Langkah ini menandai eskalasi tekanan pemerintahan Trump terhadap Maduro, yang dituduh memimpin operasi perdagangan narkotika. Pekan lalu, AS menyita sebuah kapal tanker minyak yang dikenai sanksi di lepas pantai Venezuela.
Sebelumnya, armada yang terdiri dari empat supertanker yang semula menuju Venezuela berbalik arah setelah penyitaan kapal tanker yang disanksi, bernama The Skipper.
Pentagon juga telah melakukan lebih dari 20 serangan terhadap kapal-kapal yang diduga terlibat perdagangan narkoba di perairan dekat Venezuela dan Kolombia, menewaskan puluhan orang.
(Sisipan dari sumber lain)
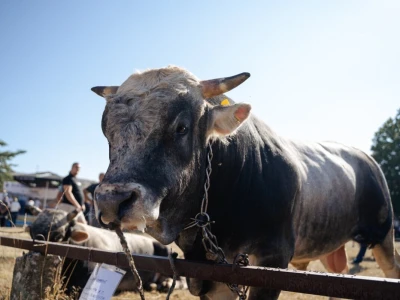 49. Regionalna stočna izložba u Gacku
Trump beberapa kali menyatakan bahwa AS dapat melancarkan serangan darat dan bahwa Maduro seharusnya disingkirkan dari kekuasaan.
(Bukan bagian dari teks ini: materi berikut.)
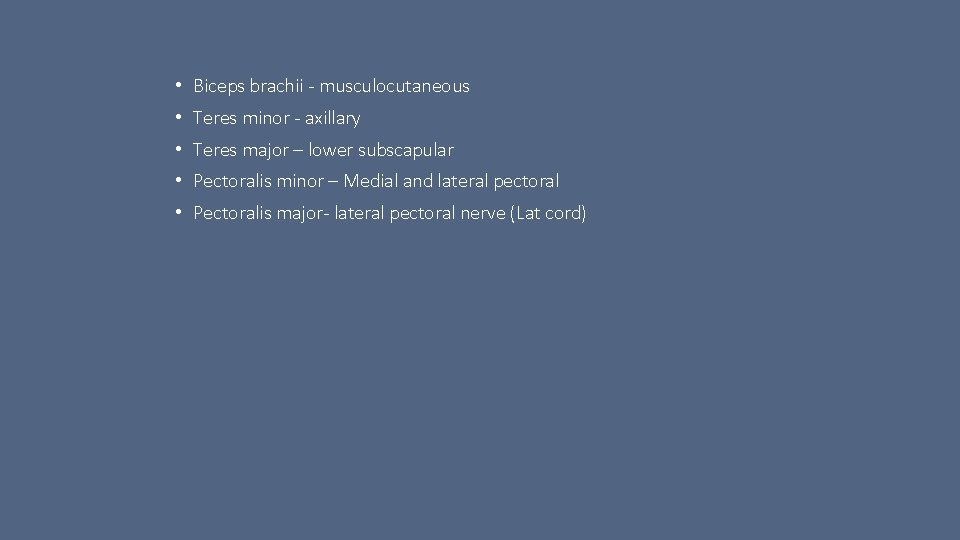  • Biceps brachii - musculocutaneous • Teres minor - axillary • Teres major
Pemerintah Maduro menggambarkan tindakan AS sebagai upaya perebutan cadangan minyak Venezuela, yang merupakan yang terbesar di dunia.
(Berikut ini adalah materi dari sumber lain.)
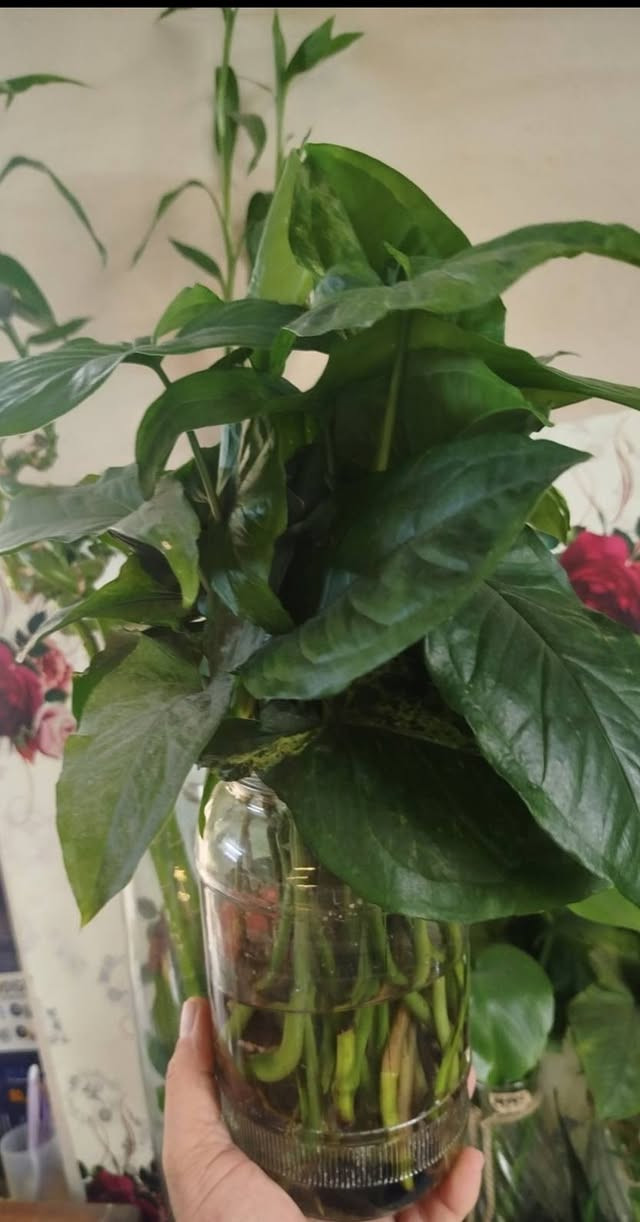 لأنّ حلالك ونباتاتك تهمك وتهمنا.. نحن ايضا سمعتنا تهمنا لان الصدق والامانة رأس مالنا! نعرف تماماً أن السوق أصبح مليئاً بالعروض، ونعلم أن الكثير منكم تعرض لخيبة أمل بسبب أسمدة مغشوشة أو وعود زائفة من صفحات غير موثوقة.
​نحن في [ فواز المولى أسمدة الزراعية المائية ] لا نبيعك مجرد كيس سماد، نحن نبيعك "نتائج" تسرّ خاطرك و"أمانة" نتحمل مسؤوليتها أمام الله وأمامك.
​لماذا تشتري منا وأنت مطمئن؟
✅ الضمان الذهبي: حقك في استرجاع المبلغ بحالة لميثبت المنتج جودة ترضيك
✅ الأصالة أولاً: جميع أسمدتنا من مناشئ عالمية ومحلية رصينة، ومعززة بشهادات التحليل والباركود الأصلي.
✅ تجربتنا برهاننا: نحن لا نعرض منتجاً إلا بعد اختباره وتوثيق نتائجه مع نباتاتي الخاصة.
✅ لسنا مجرد صفحة: نحن متواجدون معكم بخبرتنا الاستشارية لنعطيك السماد الذي يحتاجه زرعك فعلاً، وليس الذي نريد بيعه فقط.
​رسالتنا لكل مزارع ومحب للزراعة:
الغش قد يربح صاحبه مرة، لكن الصدق يبني جسوراً لا تنقطع. جرّبنا مرة، وستعرف الفرق في جودة المنتج وبركة الزرع. لمشاهدة اراء الزبائن
➡️ شاهد رأيهم عن جودة المنتج عبر هذا الرابط:
https://www.facebook.com/share/p/19KXWLJ11S/
​📍 موقعنا: [موصل سايدين حي العامل]
📞 للتواصل والاستشارة: [***********] واتساب
🚚 خدمة التوصيل متوفرة لكل المحافظات مع ضمان استرجاع المبلغ بحالة لم تثبت جودته 
#فواز_المولى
Perekonomian negara yang dipimpin pemerintahan sosialis itu telah tertekan sejak Trump memperketat pembatasan perdagangan minyak awal tahun ini. Pasokan dolar pemerintah — yang hampir seluruhnya bergantung pada penjualan minyak mentah — telah turun sekitar 30% dalam sepuluh bulan pertama 2025. Tekanan ini melemahkan nilai tukar dan mendorong kenaikan harga, dengan inflasi tahunan diperkirakan melampaui 400% pada akhir tahun, menurut estimasi swasta para ekonom lokal yang meminta identitasnya dirahasiakan karena khawatir akan pembalasan.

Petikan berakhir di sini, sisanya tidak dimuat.